▸ **EXERCISE PROMPT**: Exact copy, no pictures: output each line below as it stands.

▸ **DATA EXCERPT**:
++++++++

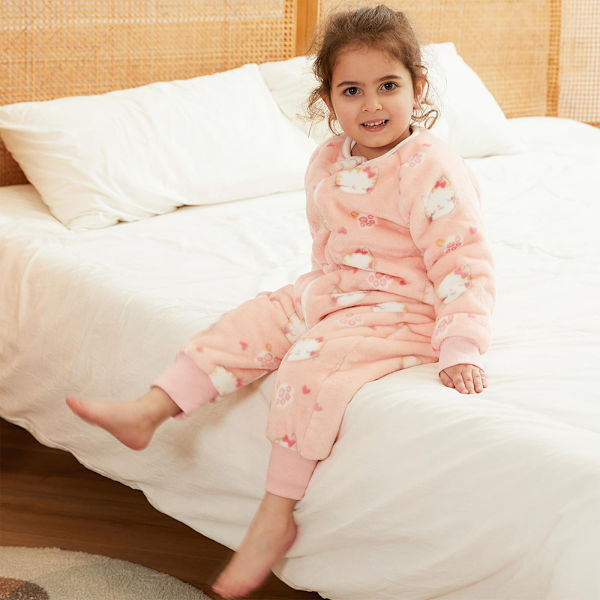 Babyso sacco nanna con piedi, sacco nanna morbido e confortevole con gambe invernali carini motivi animali per sacco nanna per bambini con piedi inverno (unisex)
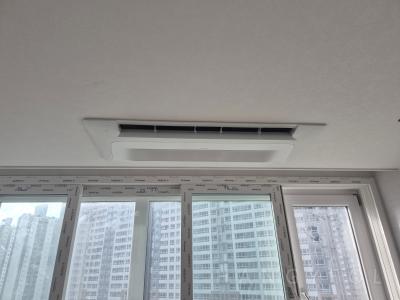 부산광역시 남구 용호동 GS하이츠자이 시스템에어컨 설치 사례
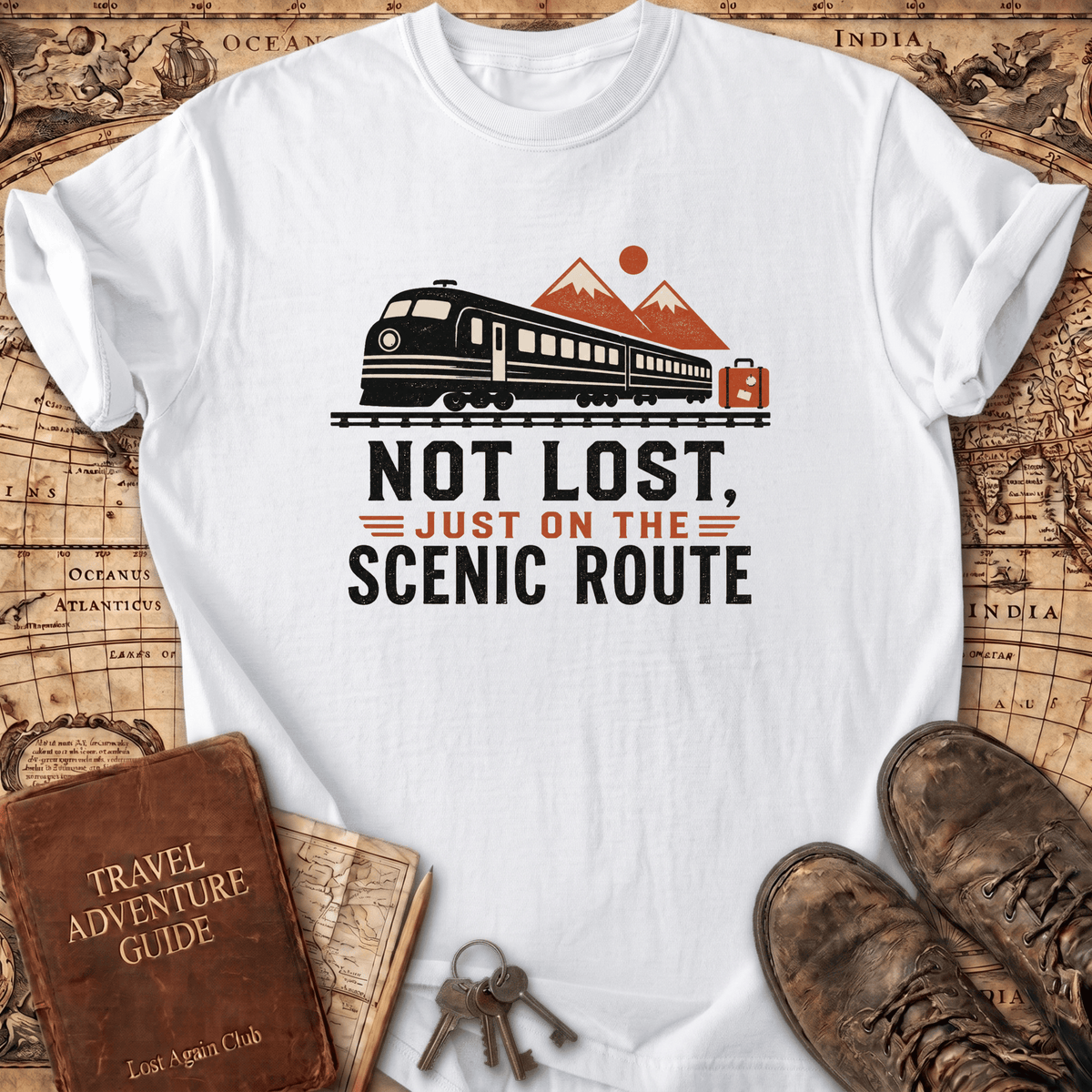 Not Lost Just On The Scenic Route - T-Shirt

++++++++

▸ **RESPONSE TO THE TASK**:
 Babyso sacco nanna con piedi, sacco nanna morbido e confortevole con gambe invernali carini motivi animali per sacco nanna per bambini con piedi inverno (unisex)
 부산광역시 남구 용호동 GS하이츠자이 시스템에어컨 설치 사례
 Not Lost Just On The Scenic Route - T-Shirt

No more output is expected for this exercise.